Throwback Thursday Review: Moonlight Road by Robyn CarrReviewer: Casee
Moonlight Road by Robyn Carr
Series: Virgin River #10
Also in this series: Virgin River, Whispering Rock, Virgin River, A Virgin River Christmas, Second Chance Pass, Second Chance Pass, Second Chance Pass, Temptation Ridge, Paradise Valley, Forbidden Falls, Forbidden Falls, Angel's Peak, Forbidden Falls, Promise Canyon, Wild Man Creek, Promise Canyon, Harvest Moon, Bring Me Home for Christmas, Redwood Bend, Sunrise Point, Shelter Mountain, Moonlight Road
Published by MIRA
Publication Date: March 2, 2010
Point-of-View: Third Person
Genres: Contemporary Romance
Pages: 409
Amazon | Barnes & Noble | The Ripped Bodice | Google Play Books
Goodreads
three-stars

WITH HER BELOVED YOUNGER SIBLINGS SETTLED AND HAPPY, ERIN FOLEY HAS EMPTY NEST SYNDROME. AT AGE THIRTY-FIVE.

So she's hitting the pause button on her life and holing up in a secluded (but totally upgraded --- she's not into roughing it!) cabin near Virgin River. Erin is planning on getting to know herself ... not the shaggy-haired mountain man she meets.

In fact, beneath his faded fatigues and bushy beard, Aiden Riordan is a doctor, recharging for a summer after leaving the navy. He's intrigued by the pretty, slightly snooty refugee from the rat race --- her meditating and journaling are definitely keeping him at arm's length. He'd love to get closer ... if his scruffy exterior and crazy ex-wife don't hold him back.

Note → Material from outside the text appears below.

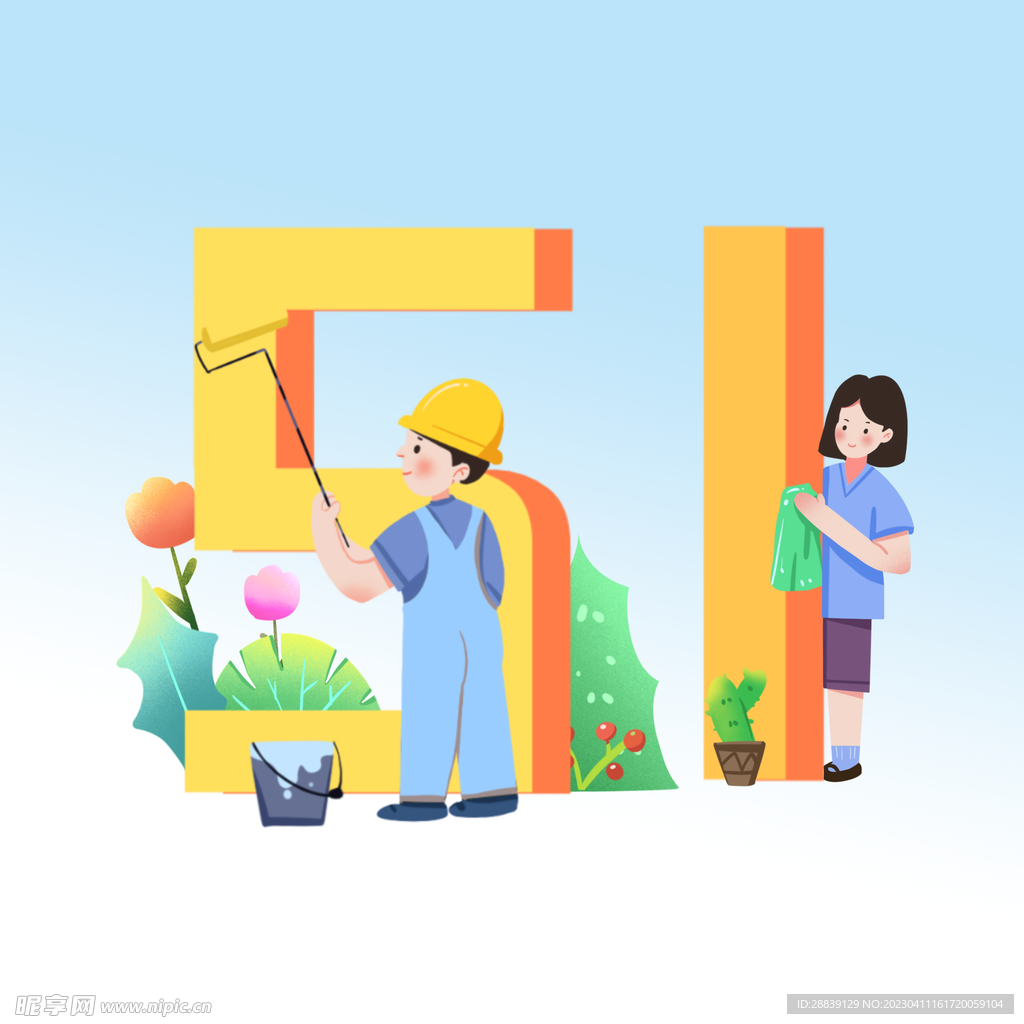  五一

But maybe it's something in the water --- unlikely romances seem to take root in Virgin River ... helped along by some well-intentioned meddling, of course.

Reading last week’s Throwback review got me all nostalgic. I started reading all the old Virgin River reviews when I came across my review of Moonlight Road. Last week’s review and this review are so different that I had to share. For real though, what happened to this series?

This review was originally posted on March 16, 2010.

This commenter had it right. The Virgin River books are starting to read more like women’s health manuals for the premenopausal (and even post menopausal) than real romance. There is actually a scene between Mel and Jack where Jack tells her that HE misses HER periods. Why? Because having sex with her during her period was a turn-on. You know, he could show her that he wants her no matter what. SERIOUSLY. What man says that? Even Jack—my favorite VR hero—shouldn’t be able to get away with that. Because men don’t say that. Do they?

I really liked Aiden and Erin. Their initial meeting had me laughing. From each of their perspectives, it’s clear that they both have the wrong impression. Aiden thinks that Erin is an ice queen (i.e. bitch). Erin thinks that Aiden is a homeless bum. As they get to know each other, Erin slowly realizes that Aiden is far from a bum. The Virgin River books tend to move slow. I liken it to life in Virgin River. Nothing ever comes quickly. So it’s over several weeks/months that Aiden and Erin start getting to know each other.

Aiden had been married about eight years ago and for three months. He’s horrified when it’s crazy ex turns up at his family’s place in Virgin River acting like she wants to get back together. The ex is pretending that she wants him back even though Aiden knows it’s a crock of crap. Still, she has a way of making the situation turn in her favor. Then she goes to visit Erin and feeds her a bunch of lies about Aiden.

That’s when it started falling apart for me. Erin knows Aiden, she’s even falling in love with them. He’s great in bed and they have fun together. So the fact that Erin immediately decides that she can’t trust him totally turns me off of her. I understood why, but I didn’t understand how. Aiden warned her about his ex long before she paid Erin a visit. It wasn’t something that blindsided Erin. Yet she’s willing to believe a psycho?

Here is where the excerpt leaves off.